BEGIN Supplied information
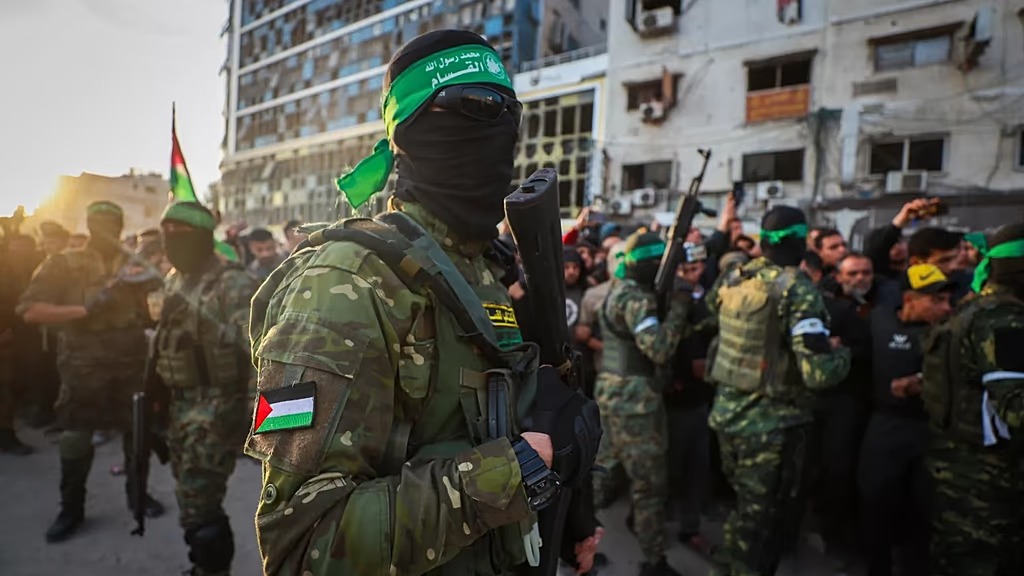 HAMAS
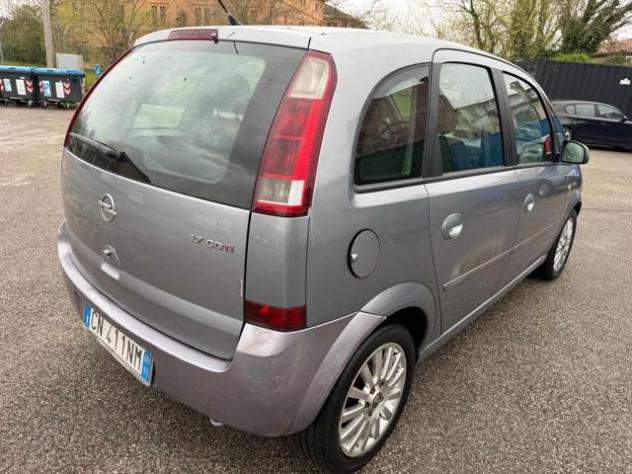 OPEL Meriva 1.7 CDTI 101CV Cosmo senza nessun lavoro da fare rif. 23486664 - Foto 10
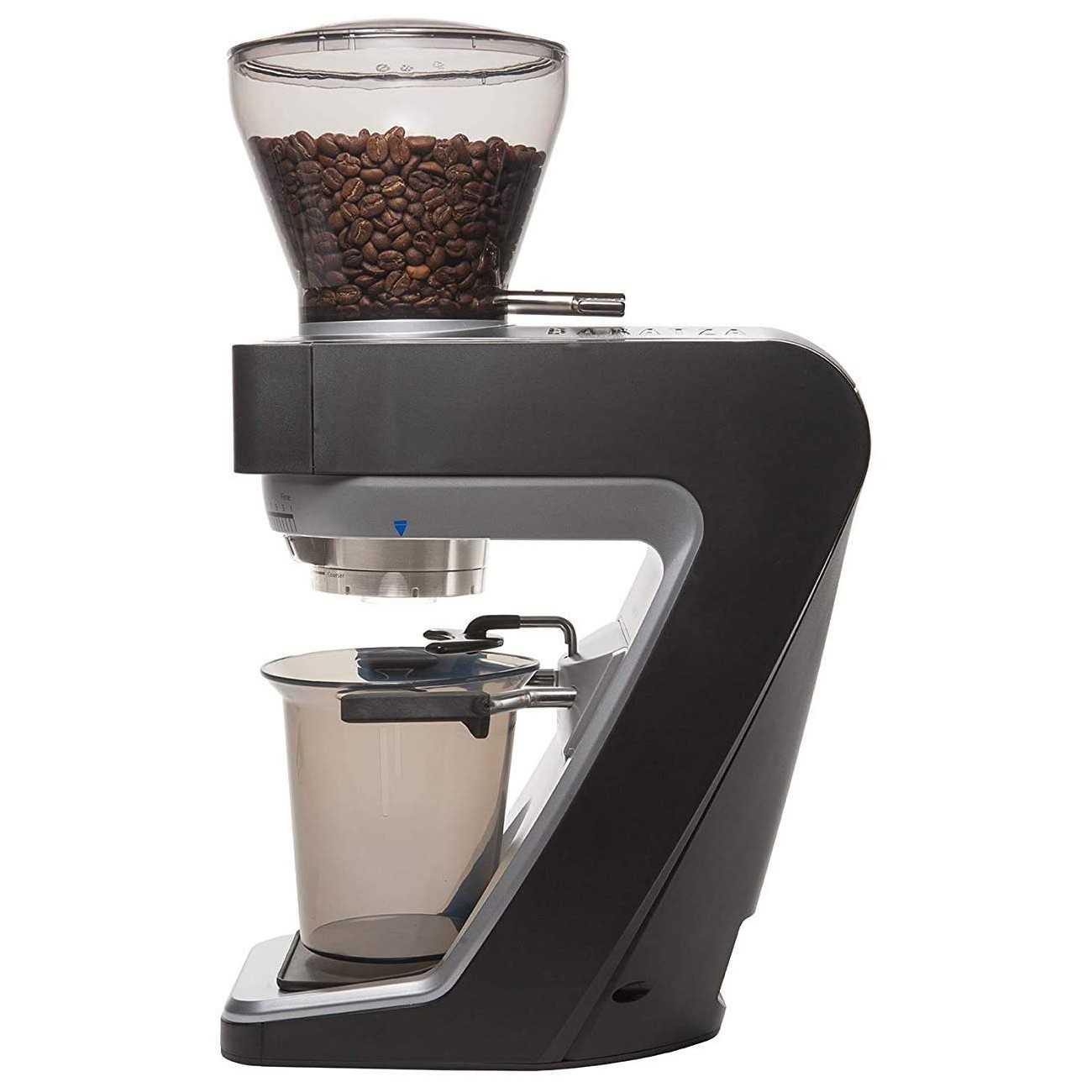 Baratza Sette 270Wi 咖啡磨豆機｜劈飛好物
END Supplied information
§ About this exercise: Copy all the lines of data exactly as they appear, dropping any images.

§ Response to this task:
 HAMAS
 OPEL Meriva 1.7 CDTI 101CV Cosmo senza nessun lavoro da fare rif. 23486664 - Foto 10
 Baratza Sette 270Wi 咖啡磨豆機｜劈飛好物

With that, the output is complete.